The main competition that we look forward to in the club, NCL has both and individual and a team competition that we compete in. I’ll be talking about my experience in the games, as well as my thoughts.
Ever since my first breath of NCL in Spring of 2024, I’ve been addicted to CTFs. With the goal to improve every year in both score, knowledge, and accuracy, I’ve enjoyed it all. This year was interesting, as AI had improved significantly compared to other competitions, and I knew we’d be competing against people with no shame. NCL accounted for this in the team game, and did quite well in AI-blocking the harder challenges.
Individual Game
I’m going to be honest, the individual game was… alright. I don’t have too much to say about it this year. It felt very heavily like “If I’m not using AI, I’m behind”, and not many of the challenges were AI proof. It was really demoralizing seeing people finishing 100% in the first 6 hours. I ended up placing 367th out of 7007, but there wasn’t any specific category that stood out to me as memorable.
Team Game
The team game was where I had a really good time. With the competition being during finals week, we had a hard time getting people on to team with us. It ended up being just me and Sam, next year’s club president and a good friend of mine. We kicked BUTT for just a team of 2. Ranking 74th out of 3638 teams in the nation, we finished the competition with a 96.89% completion and a 97.40% accuracy. The only 2 categories that we weren’t able to finish were Forensics and Cryptography. I seemed to be on the right track with the Cryptography challenge, but just couldn’t piece the puzzle together in time.
My most memorable category for the team game was probably OSINT. The last problem had me looking through kismet logs to find out if someone was following a vehicle while wardriving. It definitely felt more like a log challenge than OSINT, but I had some good fun over a good 4 hours working on that challenge. From identifying the tracker device to finding a crime that happened that same day, I thoroughly enjoyed that challenge.

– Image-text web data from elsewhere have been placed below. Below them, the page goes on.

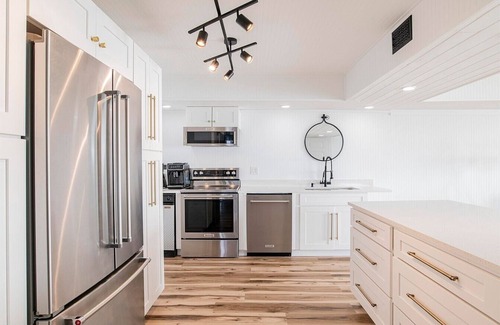 Dauphin Island Condo | Completely Renovated Modern Condo On the Water Sandcastle 6A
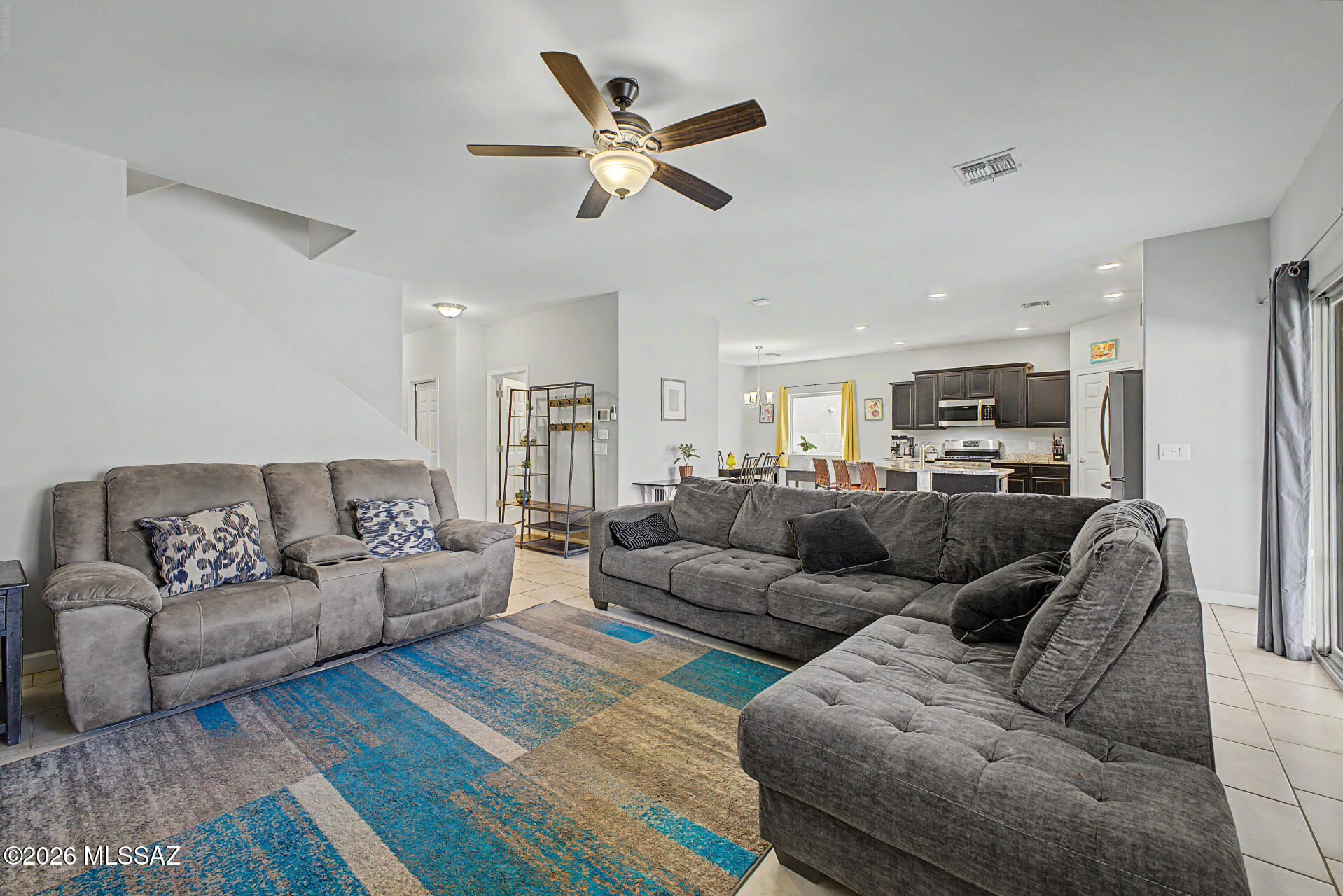 Vista Del Lago Norte SQ20140780198 - Residential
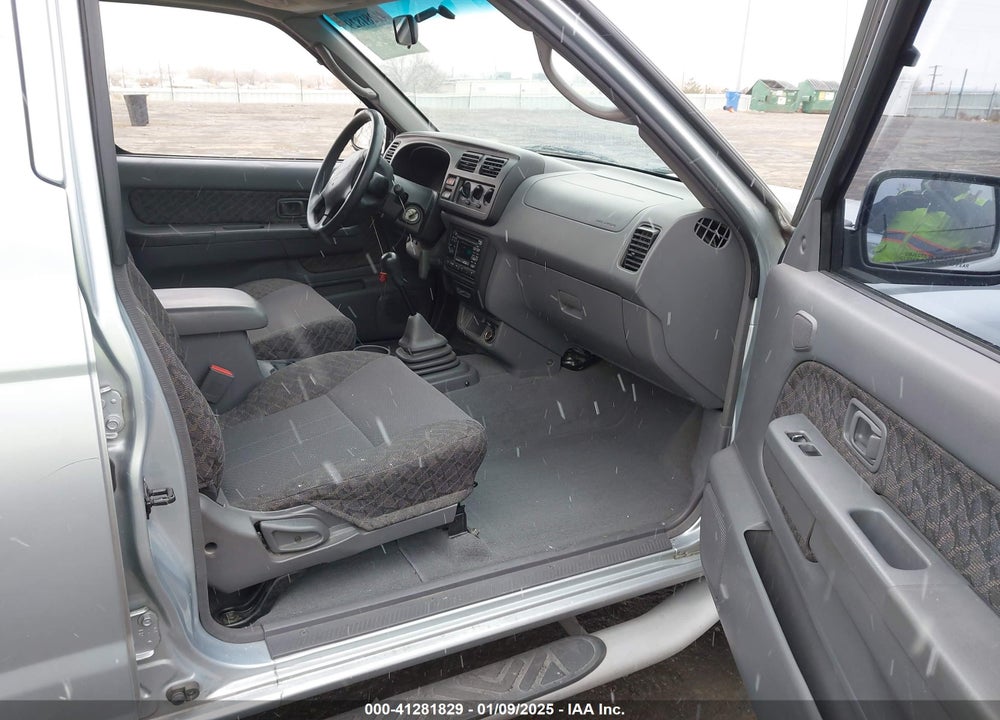 2000 NISSAN XTERRA SE/XE VIN: 5N1ED28T2YC559043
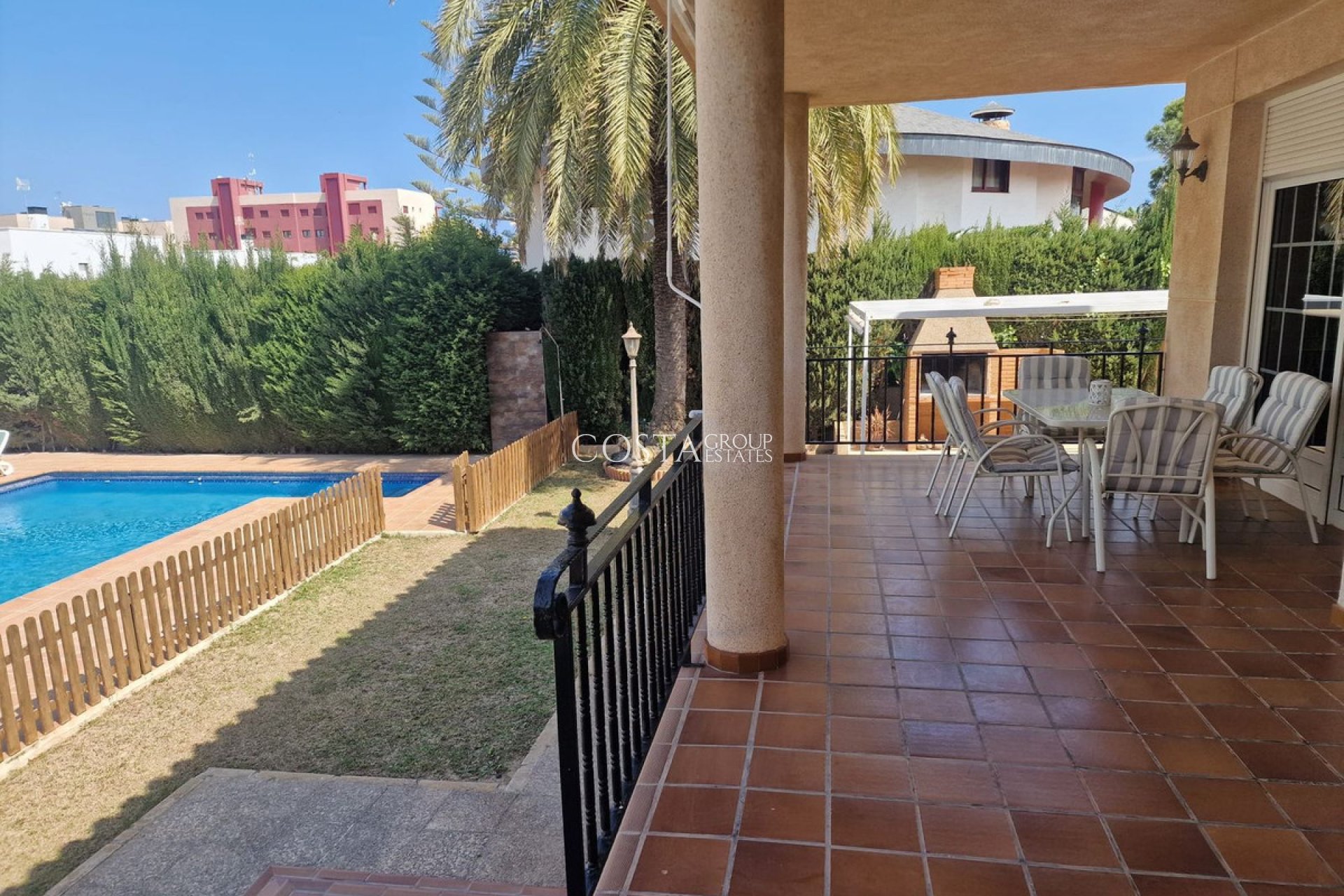 Resale - Villa -
Orihuela Costa - Mil Palmeras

Password Cracking for team game this year was kind of underwhelming. I clustered 3 gaming computers together with Hashtopolis to work on this challenge, but all of the challenges were able to be solved in less than a few minutes with the right wordlist. There was one interesting challenge in this category where we had to actually generate the hashes ourselves and find a hash with however many 0’s at the beginning that they asked for, but a script running md5sum on a bunch of randomly generated characters got it while I was working on the other password cracking challenges.
Overall Thoughts
I had a good time this year, it probably would have been even more fun if we had a larger team, but overall I’m proud of the work that the club put in this year.